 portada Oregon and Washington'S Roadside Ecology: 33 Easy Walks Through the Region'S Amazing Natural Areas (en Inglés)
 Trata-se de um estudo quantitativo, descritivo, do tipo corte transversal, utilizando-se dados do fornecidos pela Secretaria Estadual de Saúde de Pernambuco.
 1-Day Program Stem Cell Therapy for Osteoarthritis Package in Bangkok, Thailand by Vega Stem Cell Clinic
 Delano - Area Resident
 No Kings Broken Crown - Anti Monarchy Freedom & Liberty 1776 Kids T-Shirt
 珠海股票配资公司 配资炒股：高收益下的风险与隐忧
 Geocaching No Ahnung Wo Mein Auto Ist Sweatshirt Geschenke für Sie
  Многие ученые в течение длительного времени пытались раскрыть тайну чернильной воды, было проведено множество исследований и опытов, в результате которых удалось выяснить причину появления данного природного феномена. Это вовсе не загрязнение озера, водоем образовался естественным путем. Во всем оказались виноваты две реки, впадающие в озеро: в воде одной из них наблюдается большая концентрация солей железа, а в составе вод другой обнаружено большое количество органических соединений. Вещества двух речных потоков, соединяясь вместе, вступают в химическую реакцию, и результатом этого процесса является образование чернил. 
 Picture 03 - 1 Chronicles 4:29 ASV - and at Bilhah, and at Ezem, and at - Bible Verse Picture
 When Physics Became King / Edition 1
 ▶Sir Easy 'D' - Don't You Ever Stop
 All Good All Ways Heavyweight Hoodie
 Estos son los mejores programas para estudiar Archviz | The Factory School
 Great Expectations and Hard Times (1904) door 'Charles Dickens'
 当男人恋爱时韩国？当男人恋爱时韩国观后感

_____

= Task =
The lines of the data, from the first through the one containing "All Good All Ways Heavyweight Hoodie", are to be transcribed exactly.

= Solution to this exercise =
 portada Oregon and Washington'S Roadside Ecology: 33 Easy Walks Through the Region'S Amazing Natural Areas (en Inglés)
 Trata-se de um estudo quantitativo, descritivo, do tipo corte transversal, utilizando-se dados do fornecidos pela Secretaria Estadual de Saúde de Pernambuco.
 1-Day Program Stem Cell Therapy for Osteoarthritis Package in Bangkok, Thailand by Vega Stem Cell Clinic
 Delano - Area Resident
 No Kings Broken Crown - Anti Monarchy Freedom & Liberty 1776 Kids T-Shirt
 珠海股票配资公司 配资炒股：高收益下的风险与隐忧
 Geocaching No Ahnung Wo Mein Auto Ist Sweatshirt Geschenke für Sie
  Многие ученые в течение длительного времени пытались раскрыть тайну чернильной воды, было проведено множество исследований и опытов, в результате которых удалось выяснить причину появления данного природного феномена. Это вовсе не загрязнение озера, водоем образовался естественным путем. Во всем оказались виноваты две реки, впадающие в озеро: в воде одной из них наблюдается большая концентрация солей железа, а в составе вод другой обнаружено большое количество органических соединений. Вещества двух речных потоков, соединяясь вместе, вступают в химическую реакцию, и результатом этого процесса является образование чернил. 
 Picture 03 - 1 Chronicles 4:29 ASV - and at Bilhah, and at Ezem, and at - Bible Verse Picture
 When Physics Became King / Edition 1
 ▶Sir Easy 'D' - Don't You Ever Stop
 All Good All Ways Heavyweight Hoodie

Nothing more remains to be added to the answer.